I'm in a special place right now. I took in a double feature tonight with a viewing of Phantom at the Venetian followed up by a midnight viewing of Cloverfield. It was somewhat of an odd combination for shows I'll admit but they both carry a sort of survival theme to theme. That is, how would you survive if your life was threatened?
As to Phantom that's an easy one--I would totally die. We've already discussed this. I have horrible taste in men that happen to also be pathological murderers and so my survival instincts would do nothing for me in that case. But Cloverfield, that's a more interesting question to ponder.
I will do my best not to give away any parts of the movie so you need not worry about spoilers. I will say only this: I became very involved in the movie and acted nearly instinctually while still in my chair. I believe, therefore, that I could use my reactions as a starting point in guessing what I would do should a giant monster attack my city and threaten my life.
I have an amazing flight response. My need to survive astounds even me sometimes. It isn't that I fear death, and it isn't even my fear of pain (though my aversion to being killed has everything to do with the pain it will cause me and little to do with the death itself) but I have a nearly overwhelming need to survive. Maybe it's the writer in me; I want to live so that I can tell the story. Maybe it's because I genuinely like living and so want to continue for more than simple instinctual reasons. But, whatever the case, I would run like hell and do my best to get myself and my friends out of there.
Sometimes, however, you can't simply run. If you live in Manhattan, for example, you're on an island. Living in Las Vegas I would be totally screwed cause I'm in the middle of the desert. That's almost as good as living on an island. Also, if there are people in town you love you can't just leave them. Until you know for sure they are dead you need to attempt to get everyone out.
However, if someone is most likely dead when is it okay to leave them behind? I'm not sure I would want my friends to come back for me even though if they did and we all somehow survived that would be really awesome. I would probably go back for my friends, but not if I thought they were dead. But maybe so--my need to survive is tempered by my need not to be a complete and utter asshole. So when is an appropriate time to assume someone is dead?
These are all questions that plague me when considering attacked-by-giant-monster scenarios. I do take comfort, though, in the knowledge that the first thing I would do would be to grab a baseball bat or weapon of some kind. I really should get a bat--it's a handy thing to have in one's house, and perhaps an axe as well. Both are excellent weapons that suit my particular fighting abilities well. I'm not much of a swashbuckler, but I played softball and I know I could beat the crap out of something.

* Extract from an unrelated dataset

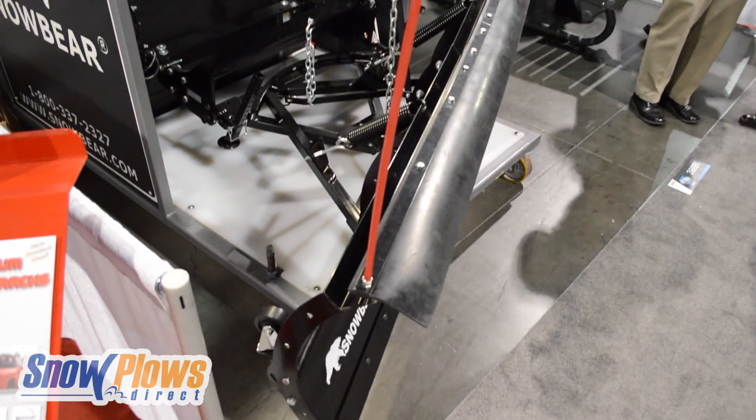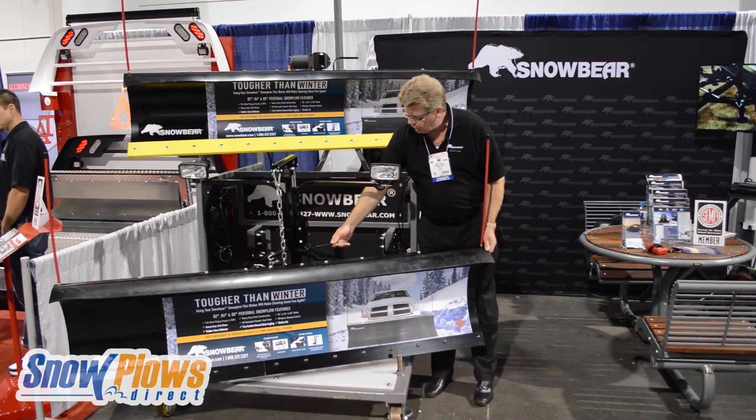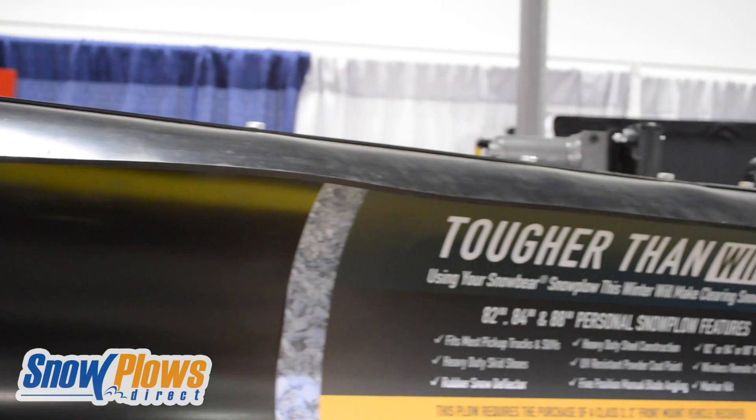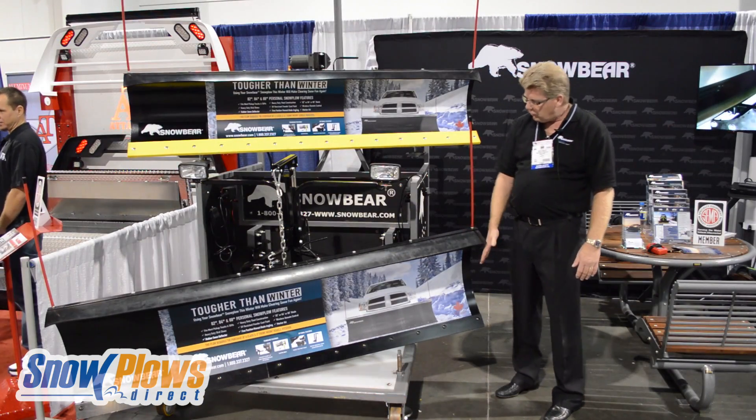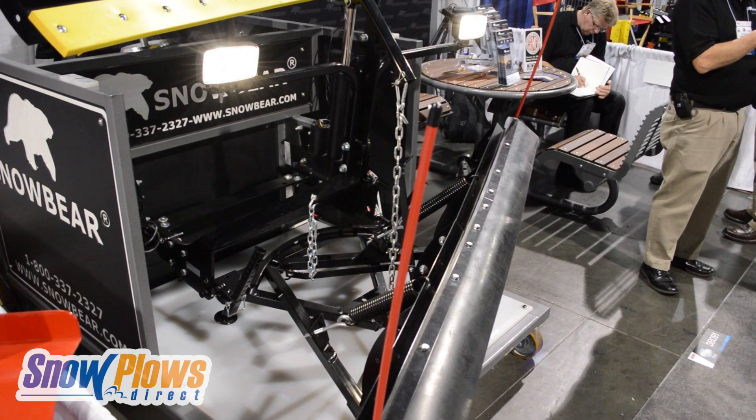The plow itself angles manually with five position angles. The plow comes complete with skid shoes, rubber deflector, steel scraper bar, and markers. Accessories also include caster kits.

I think in the end, that I would find a good defensible position, several useful weapons, a stockpile of food and water, hole up and wait it out. This strategy would be useful for not only attacked-by-giant-monster scenarios, but also vampires, werewolves, zombies, and human mobs. I am still plagued by the question of whether or not I would leave my excellently defended position to come save my friends, however. It's hard to give up a safe place for possible certain death (if such a thing as "possible certain death" is possible) but if you don't go for your friend how do you live with yourself? And I know what everyone is thinking right now. You're all thinking "I would totally come for you Jess" but let's be honest, none of us actually know what we would do since we have yet to be attacked by a giant monster, and even if you did come for me there's no guarantee you would make it and what good does that do anyone?
Once, while watching The Day After Tomorrow the friend next to me turned during the scene everyone was freezing to death and starving and said, "you know if that happened I would kill you and eat you so as to survive." I was horrified, still am actually, but I appreciate his honesty. On the one hand it shows me that my taste in male friends is as horrible as my taste in male romances, but on the other hand it's comforting to know that I have a friend that concerned with survival. That shows me that, assuming I kept him from killing and eating me, if I stuck with him we could survive. And that's a comforting thought.
So there you have it, whatever "it" is. What would you do if the world ended tomorrow? And does one put a catch-all plan in place or do you try to work up a plan for different scenarios? It isn't an easy question and not one that will be answered any time soon. Perhaps I will work up a list of survival plans to share with you all. Then if I don't come back for you in the heat of things, at least you'll know what I'll be doing.